Leave out every line before the one containing "Mobil Home 31M² - 3 Chambres", and set down that line and the rest through the end of the listing exactly.

(INPUT MATERIAL Opens)

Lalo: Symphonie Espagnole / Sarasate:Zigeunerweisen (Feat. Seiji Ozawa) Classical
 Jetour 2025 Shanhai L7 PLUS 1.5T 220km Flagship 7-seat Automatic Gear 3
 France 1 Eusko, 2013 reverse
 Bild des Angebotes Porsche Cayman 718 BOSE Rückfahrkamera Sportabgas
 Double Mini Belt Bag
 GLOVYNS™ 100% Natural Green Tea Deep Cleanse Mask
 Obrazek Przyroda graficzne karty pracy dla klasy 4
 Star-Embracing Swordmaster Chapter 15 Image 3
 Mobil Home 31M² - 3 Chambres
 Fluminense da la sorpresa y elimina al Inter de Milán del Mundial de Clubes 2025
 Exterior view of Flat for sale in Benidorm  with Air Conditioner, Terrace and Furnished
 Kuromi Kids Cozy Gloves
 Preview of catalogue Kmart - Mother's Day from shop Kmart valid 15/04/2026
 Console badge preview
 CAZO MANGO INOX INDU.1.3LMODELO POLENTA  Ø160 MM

(INPUT MATERIAL Closes)

**REPLY**
 Mobil Home 31M² - 3 Chambres
 Fluminense da la sorpresa y elimina al Inter de Milán del Mundial de Clubes 2025
 Exterior view of Flat for sale in Benidorm  with Air Conditioner, Terrace and Furnished
 Kuromi Kids Cozy Gloves
 Preview of catalogue Kmart - Mother's Day from shop Kmart valid 15/04/2026
 Console badge preview
 CAZO MANGO INOX INDU.1.3LMODELO POLENTA  Ø160 MM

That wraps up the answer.